«J'ai étudié en génie forestier dans les années 80. Une vingtaine d'années - et plusieurs emplois- plus tard, ma carrière ayant pris une direction qui ne me plaisait plus, je m'inscris à la maîtrise en agroforesterie à l'Université Laval. Durant la dernière année de cette maîtrise, je commence à chercher un emploi dans lequel je pourrais m'accomplir durant les dix ou quinze années qui me séparent de la retraite.

J'envoie des dizaines de CV, je passe des entrevues et je fais le concours de la fonction publique québécoise. Suite à ce concours, on me demande de passer un autre examen écrit et de me présenter à deux entrevues. Peu de temps après, je reçois une lettre m'indiquant que j'ai réussi toutes les étapes. Puis, quelques semaines plus tard, avant que les fonctionnaires ne se décident, le Conseil du Trésor met un terme temporaire à l'embauche. Bref, 16 mois après ma première entrevue pour ce poste (de 30 000$), on me dit que les besoins ont changé et qu'on doit tout recommencer.

 

Malgré tous mes efforts, je ne réussis pas à me trouver un emploi intéressant et ce n'est que par hasard qu'on me demande d'aller travailler à l'étranger, d'abord en Oman pour plusieurs mois puis dans l'Ouest canadien pour un contrat de trois ans. Un type d'emploi que j'aime, bien rémunéré et plein de défis intéressants. N'empêche, mes parents et mes beaux-parents ont près de 80 ans. Partir loin de sa famille, dans ces conditions, c'est difficile.
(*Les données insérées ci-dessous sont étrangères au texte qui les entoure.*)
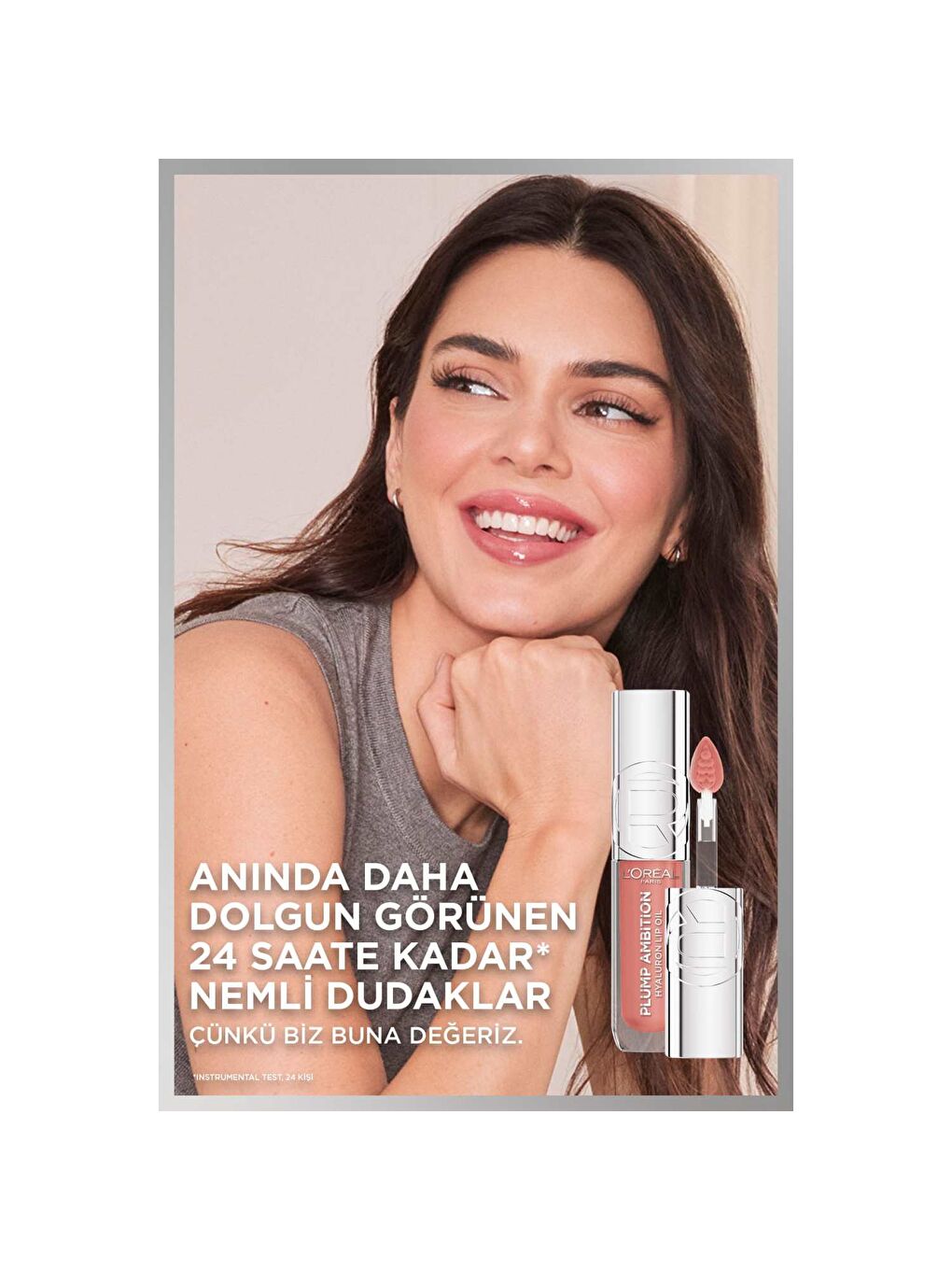 L'Oréal Paris Plump Ambition Hyaluron Lip Oil Besleyici ve Nemlendirici Dudak Parlatıcısı - 490 Berr-1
Ma question: pourquoi ne suis-je reconnu qu'à l'extérieur du Québec? Pourquoi ma valeur sur le marché du travail triple-t-elle quand j'accepte de m'exiler?

Et ce je ne suis pas seul dans mon cas. Je connais un tas de Québécois de tous les âges et dans beaucoup de domaines qui ont eu à partir pour accéder à un emploi décent. Pourquoi le Québec se prive-t-il de tous ces talents?

Quand j'entends dire qu'on aura besoin de plusieurs dizaines de milliers de personnes pour combler autant d'emplois dans quelques années, je me pose des questions. Et je ne peux m'empêcher de me dire qu'ils ne me feront pas travailler à temps plein quand je serai à la retraite, sous prétexte qu'il manque de main-d'oeuvre. Lorsque j'avais 20 ans, on me promettait dans un futur proche une société des loisirs... mon oeil!

Je crois savoir aussi que l'exode ne se fait pas que vers l'extérieur du Québec, mais aussi à l'intérieur même de la province: des régions vers les villes, du public vers le privé, etc. Le gouvernement impose à ses médecins et surtout à ses infirmières des conditions telles que le seul choix sensé qui s'offre à eux et à elles est le secteur privé.

Moi qui suis cette campagne à distance par les médias, ça me lève aussi le coeur que Jean Charest, qui n'a rien fait qui vaille depuis 2003, dise que tout est de la faute du PQ. Il ne faut quand même pas exagérer.»